Most YC W2026 AI startups are AI agents that wrap a Postgres table or a spreadsheet. Strand AI is not that. It is a foundation-model bet on the most expensive bottleneck in pharma, which is that drug companies spend $60 to $100 billion a year running clinical trials and 9 out of 10 of those trials fail. The thesis: pick the right patients up front and you save a year of the trial and a billion dollars of the bill. The wedge: a multimodal foundation model that takes whatever biology data a patient already has, like a routine blood draw or a tumor slide, and predicts the rest, like the gene expression, the proteomics, the spatial transcriptomics. Tempus AI built a $10 billion business by doing the labor-intensive version of this. Strand is trying to do it without paying anyone to run wet-lab assays.
If they are right, this is a 100x business. If the model hallucinates a single biomarker, the trial it informed will fail. The risk surface is not small.
What they actually do
Strand sells a model, not a SaaS. The customer is a pharma analytics team or a CRO running a Phase II or Phase III trial. They show up with a cohort, often a few hundred patients with mixed levels of profiling. Some patients have full multimodal panels because the trial sponsor paid for them. Most do not, because the panels cost $4,000 to $8,000 per patient and you cannot afford to run them on everyone you screen.
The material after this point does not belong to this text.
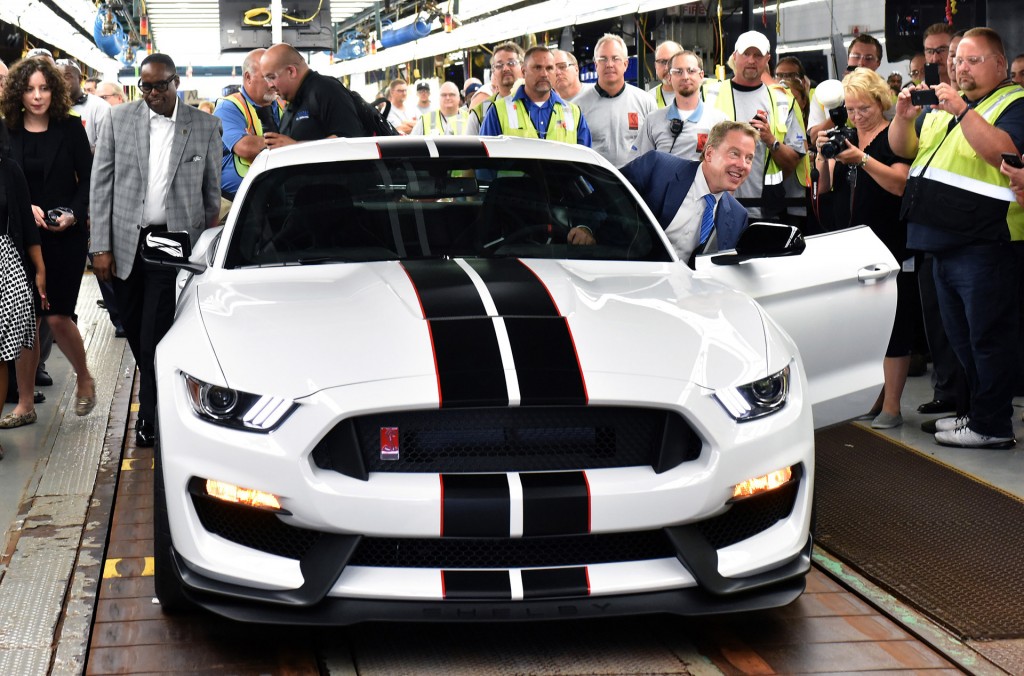 First Ford Mustang Shelby GT350R rolls off the line at Flat Rock Assembly Plant in Michigan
What Strand does is take the partial data, run it through a cross-modal prediction model, and return the imputed full panel. The trial team uses the imputed data to stratify the cohort, exclude likely non-responders, and pick the patients most likely to show a treatment signal. Trials that would have run for 36 months on a heterogeneous cohort run for 22 months on a stratified one. That is the pitch and that is the math that makes a pharma VP write a $5 million check.
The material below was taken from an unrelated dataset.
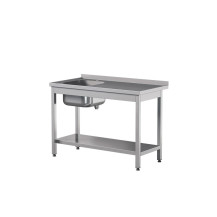 Stół ze zlewem i półką 1400 × 700 mm – ASBER STW-147/1 PL L S – 304 Line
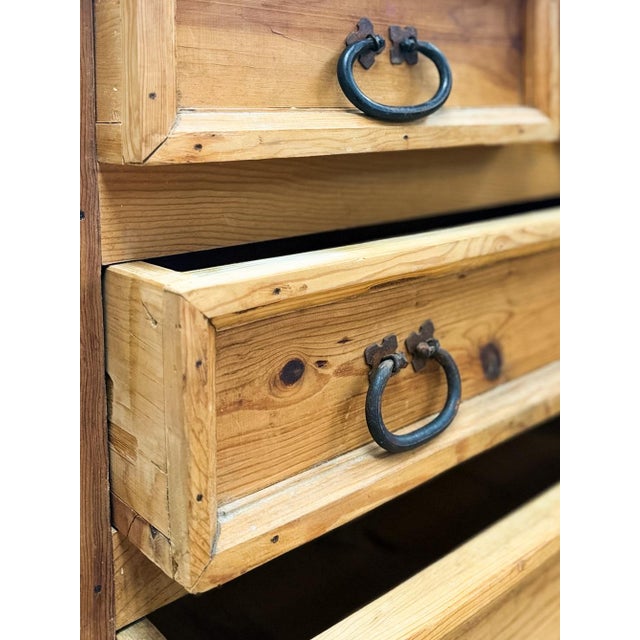 Late 20th Century Mexican Solid Pine Five Drawer Dresser Wrought Iron Pulls Rustic Farmhouse Chest For Sale - Image 13 of 13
The founder is Yue Dai. Before Strand she spent 1.5 years at Pathos AI building oncology foundation models, almost two years at Enable Medicine doing bio-AI, and a stint at Microsoft Research Healthcare. Before that she was working directly with the Tempus AI founders on what became the largest patient dataset in existence. The co-founder is Oded. The team is small, around five people based on public LinkedIn, and they ship from San Francisco.
How it actually works
The product is a single multimodal foundation model that learns the joint distribution of patient biology across modalities. The training objective is straightforward in principle, and brutal in practice.